- [YOUR INSTRUCTIONS]: Once you reach the line that contains "14K yellow gold", retype it and every line after it exactly, ending with the last line of the entries.

++++ DATA TO USE

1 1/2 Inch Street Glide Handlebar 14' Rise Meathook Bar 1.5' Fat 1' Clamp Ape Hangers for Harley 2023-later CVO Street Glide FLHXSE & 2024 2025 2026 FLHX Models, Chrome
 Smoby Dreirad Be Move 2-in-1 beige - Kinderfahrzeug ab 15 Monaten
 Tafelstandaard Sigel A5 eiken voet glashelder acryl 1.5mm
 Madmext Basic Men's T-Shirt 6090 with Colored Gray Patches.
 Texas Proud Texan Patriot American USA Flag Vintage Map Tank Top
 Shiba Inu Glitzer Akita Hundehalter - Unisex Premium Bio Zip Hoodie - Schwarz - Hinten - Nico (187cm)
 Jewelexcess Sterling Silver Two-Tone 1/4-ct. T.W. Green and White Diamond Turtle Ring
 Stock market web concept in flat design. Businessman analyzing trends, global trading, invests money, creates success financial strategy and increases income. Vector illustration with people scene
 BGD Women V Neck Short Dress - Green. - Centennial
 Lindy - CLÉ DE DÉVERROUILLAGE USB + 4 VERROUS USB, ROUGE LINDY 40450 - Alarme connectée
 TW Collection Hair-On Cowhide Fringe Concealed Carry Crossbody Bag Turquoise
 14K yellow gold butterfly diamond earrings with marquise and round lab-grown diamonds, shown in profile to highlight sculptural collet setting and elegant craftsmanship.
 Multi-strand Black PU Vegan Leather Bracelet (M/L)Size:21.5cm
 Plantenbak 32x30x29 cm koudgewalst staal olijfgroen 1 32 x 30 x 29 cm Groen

++++++++

- [WRITTEN ANSWER]:
 14K yellow gold butterfly diamond earrings with marquise and round lab-grown diamonds, shown in profile to highlight sculptural collet setting and elegant craftsmanship.
 Multi-strand Black PU Vegan Leather Bracelet (M/L)Size:21.5cm
 Plantenbak 32x30x29 cm koudgewalst staal olijfgroen 1 32 x 30 x 29 cm Groen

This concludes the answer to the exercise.